Figure 23.4: Posterior predictive check to see if model is capable of capturing the variability inherent in the observed data.

Posterior predictive check to see if model is capable of capturing the variability inherent in the observed data.

Figure 23.4 shows the observed data density plot across gyms as represented by the dark blue line. This observed distribution is not captured by the spaghetti lines, i.e. predicted distributions from the posterior, none of the 20 sample predicted distributions come close to mimicking the behavior seen in the actual data. This is a clear signal we are not modelling something right; namely each gym will have some differences in recruiting probabilities, and hence, produce more varied amounts of success than suggested by the complete pooling model.

23.3 No Pooling

The no pooling model treats each gym as distinct completely independent entities, i.e. the Crossfit Gym franchise has no overarching effect on success probabilities. The no pooling model is shown for the contrast it provides in relation to other models we will look at; it is an ill-advised model when you have small data and transferable learning. We will assume learning about one gym’s success rate should impact our opinion about another gym’s success rate - we do not want each gym to be distinct. Thus, learning about one gym’s success in recruiting tells us nothing about the population of gyms or any other specific gym.

On our path to modelling the effects of yoga, we are going to refine our previous generative DAG to get closer to the business narrative. Specifically, we want to ensure a direct modelling of the effect of yoga stretching.

We are going to assume there is a base-level of recruitment at each gym and that yoga stretching provides some deviation from the base. If we were to model the deviation as a probability deviation, say yoga increases recruitment probability 20%, than its possible that forecasting the effect of yoga at a gym with a base recruitment rate of 85% leads to 105% sign-up probability - this is a problem as probability of signup cannot be over 100%.

To remedy this, we use a linear predictor as input into an inverse logit link function; it ensures signup probability draws are actually probability values between 0 and 1. This new generative story with base recuitment probability and deviation for yoga is reflected in the DAG of Figure 23.5.

Figure 23.5: Model without any pooling of observations - each gym is considered in isolation of every other gym.

Figure 23.5 has slope and intercept terms that are not directly understandable - they go through an inverse logit function before we see their impact on a node that we can understand.

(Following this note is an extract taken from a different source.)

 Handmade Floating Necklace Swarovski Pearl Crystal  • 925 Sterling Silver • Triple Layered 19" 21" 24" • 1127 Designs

To understand the prior on these terms (or any prior), we simulate how its values are transferred to a parameter of interest, in this case that parameter is signup probability.

23.3.1 Using Simulation To Help Choose Priors

Unfortunately, I am always writing custom code to explore the effect of priors on the children of transformed linear predictors. This part of the BAW process will be accelerated in future versions of causact. Until then, here is some code to help find a good alpha:

library(tidyverse)
numSims = 10000

## guess at distribution and params for alpha
## let's say alpha ~ normal(0,10) was my first guess
## then simulate effects on theta.  Do they mimic
## your uncertainty in theat without data?  If no,
## iterate with a different guess. After 
## many iterations I settled on normal(-1,1.5)
## below code gets repsample of theta for this prior
simDF = tibble(alpha = rnorm(n = numSims, 
                             mean = -1., 
                             sd = 1.5))

simDF = simDF %>%
  mutate(y = alpha) %>% ##follows DAG
  mutate(theta = 1 / (1 + exp(-y)))  ## inv logit

## plot implied theta distribution
ggplot(simDF) +
  geom_density(aes(x=theta),fill = "cadetblue") 

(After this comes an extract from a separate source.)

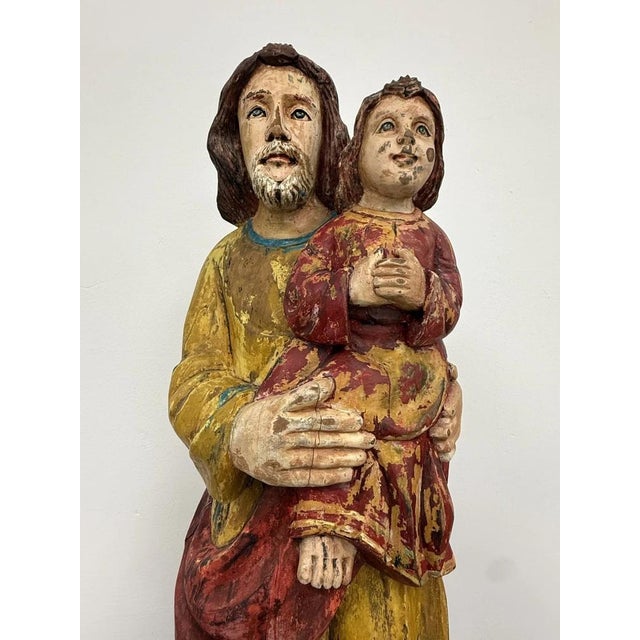 Baroque Baroque Devotional Figure of St. Joseph with the Christ Child, Southern Germany, 1750-1800 For Sale - Image 3 of 18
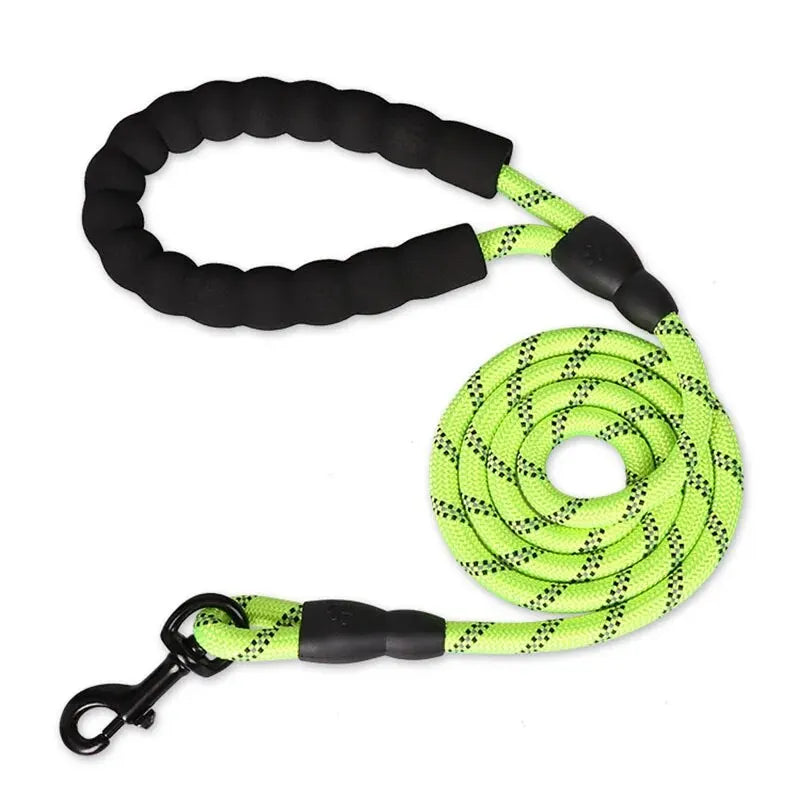 Reflective Dog Leash With Comfortable Padded Handle - Double Heavy Duty Traction Rope For Strong Dogs - Enhance Safety And Contr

Figure 23.6: The final choice of prior, alpha ~ N(-1,1.5), it is mildly informative, but open to all sorts of theta possibilities.

The final choice of prior, alpha ~ N(-1,1.5), it is mildly informative, but open to all sorts of theta possibilities.

Don’t obsess over getting priors just perfect. By having them close enough to your beliefs and open to things against your initial beliefs, you will find the data plus prior to get you insights where they exist and avoid false insights where they don’t.

Figure 23.6 is the result of many iterations of looking at the effect of changes in alpha’s prior on success probability theta. I stopped at \(N(-1,1.5)\) because it reflected my mild belief that sign-up probability will be smaller than 50%, but should also remain open to any possible value. I am also comfortable with the hump of probability around 10%, that sounds like a good mode for recruiting.

Your prior should be open to changing its mind, but it should also reflect assumptions you are willing to make. Don’t be afraid to have mildly informative priors, they do not all need to be uniform. This will protect you from bad decisions when there is not alot of data to inform the posterior.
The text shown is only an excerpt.